Continúa su defensa sin apartarse de que una escuela no es una isla, ni se basta a sí misma, ni tampoco que su sentido principal sea reconducirnos, aunque sea fértil y generadora de conocimientos. La escuela, según él, es una cima, un lugar con sentido por sí mismo, un espacio nada “incompatible con que pueda ser, al mismo tiempo, un camino hacia la madurez”. La escuela, como impulsora de crear libertad, de dar posibilidad, de hacer pensar. En ella hay un sustento para ensanchar la propia experiencia, el reconocimiento de lo que importa y, en especial, el desarrollo del lenguaje: “Pero a veces conviene que nuestro hablar consista más en mostrar; más en describir que en explicar; más en prestar atención que en analizar”. La escuela del mundo se vincula a entender el mundo y nuestro entorno como encuentro y estímulo que aspiran al reencuentro.
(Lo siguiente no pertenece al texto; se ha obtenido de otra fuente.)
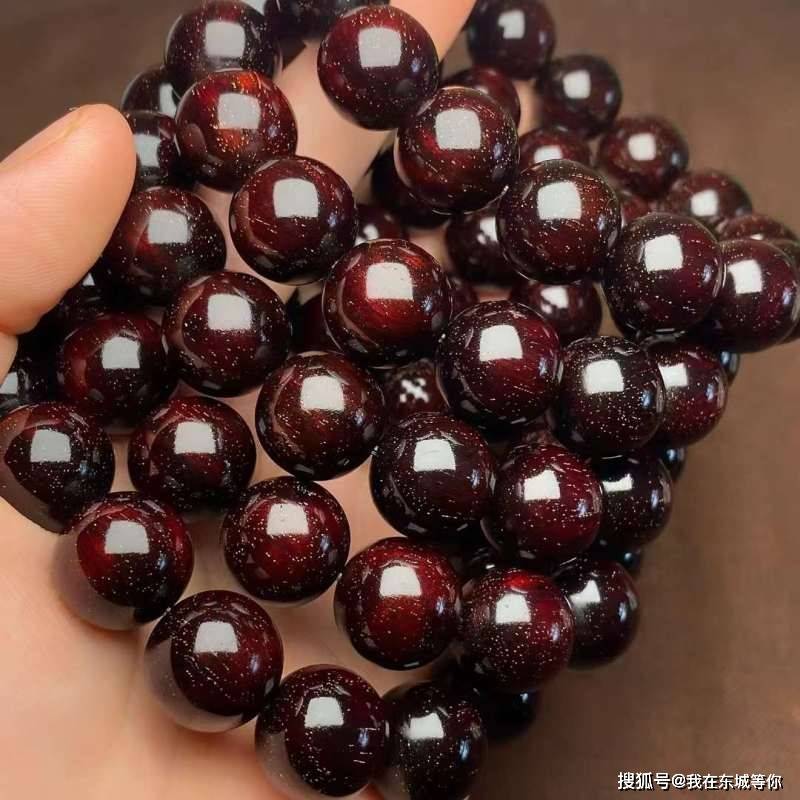 五种常见方法帮你辨别小叶紫檀手串真假_红色_木屑_材料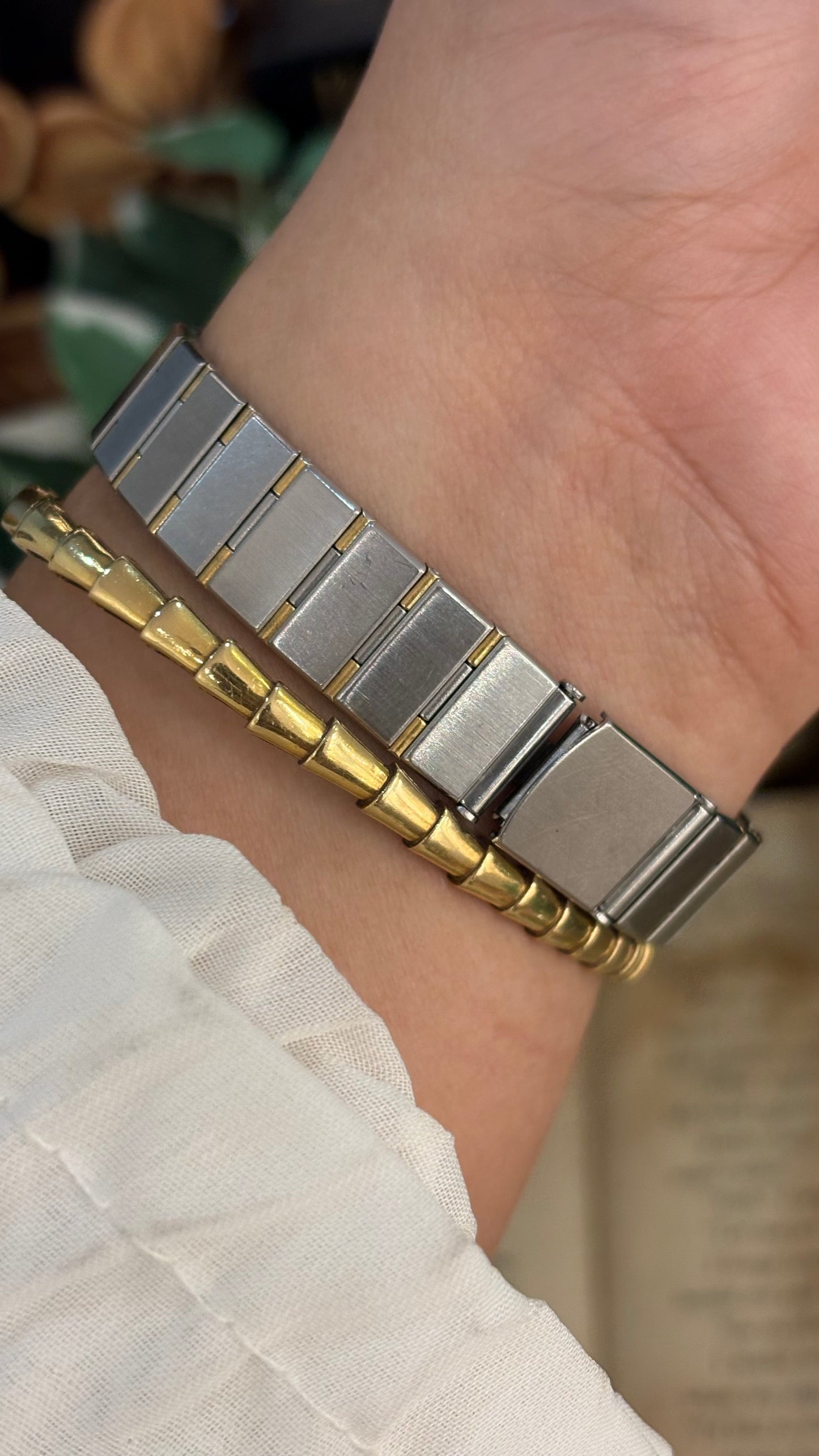 Vintage Ricoh Flowy Bracelet Classic Minimalist Watch in Two-Tone Quartz with Secure Deployment Clasp Lock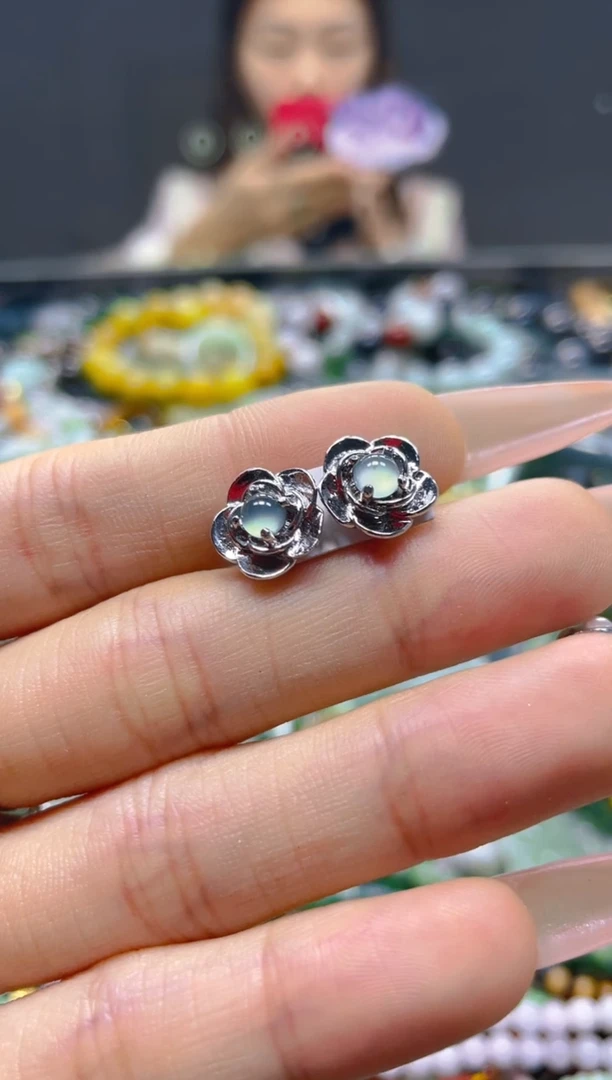 颈饰未镶嵌翡翠/W/翡翠A货，一件也是批发价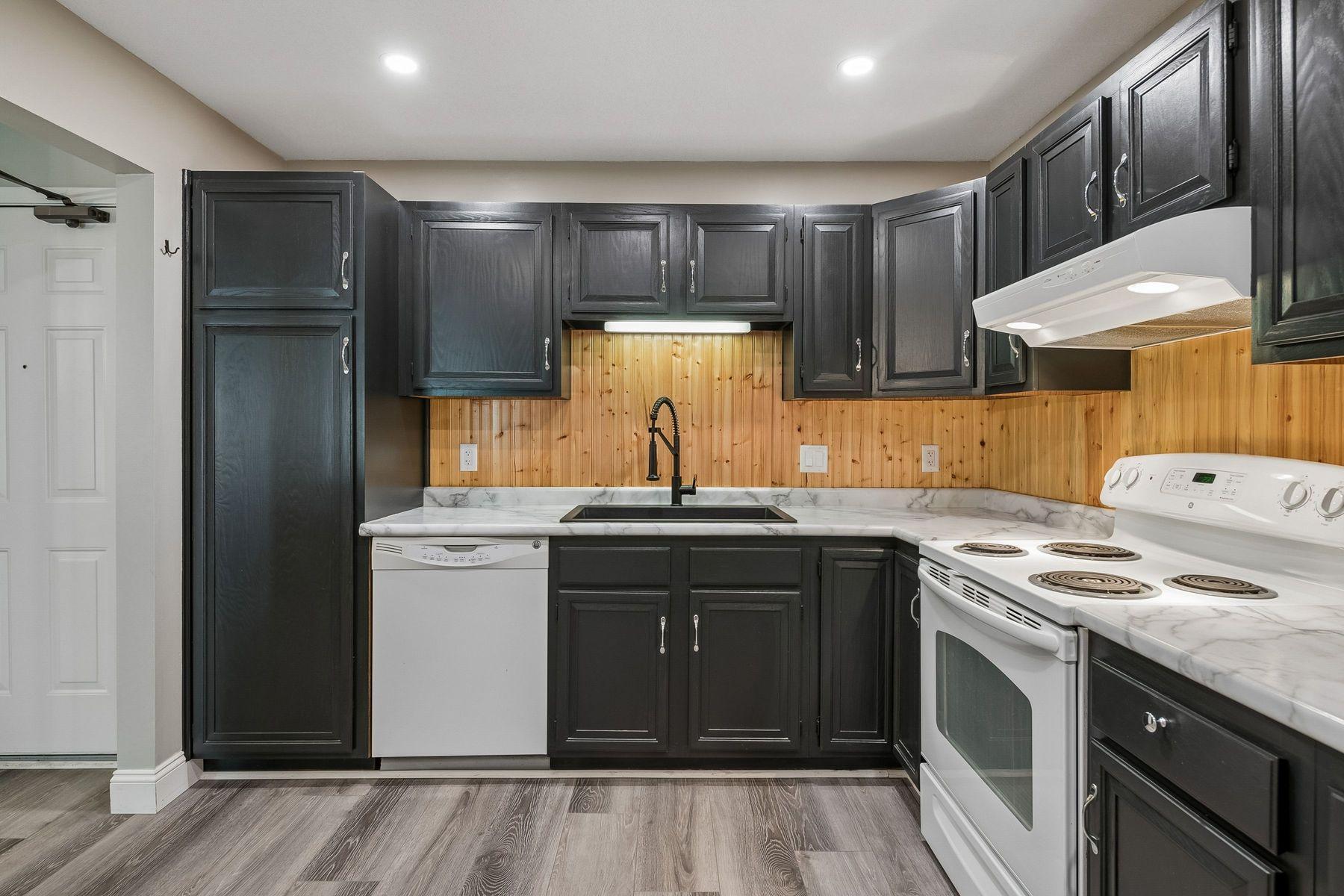 View of Residential at 10540 43rd Avenue #103, Plymouth MN 55442, Plymouth (15 of 37) - Mike Wilen | Minnesota Team Real Estate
Josep Maria Esquirol insta a pensar que la forma de educar tiene reflejo en la manera de vivir, de atendernos y de recuperar el sentido común, a mirar la vida con ojos atentos. Aunque el título de su libro remite a la escuela, las reflexiones del libro señalan el mundo, vinculan de continuo la escuela con la vida, porque la vida no deja de ser una gran maestra, quizás la mejor. Y a este mirar atento de la vida real, la lectura del libro hace su camino, recordándonos que: “La atención es la disposición que permite que algo bueno nos llegue, a modo de regalo”. También nos recuerda de la porción de soledad que nos constituye: "Ser alguien es estar solo, en cierto modo separado de cualquier totalidad". Además, solo en soledad miramos mejor, pensamos y nos topamos con esa esencia nuestra que el autor describe como "una hondura abierta y traspasada por experiencias infinitas" como antesala a lo que nos viene.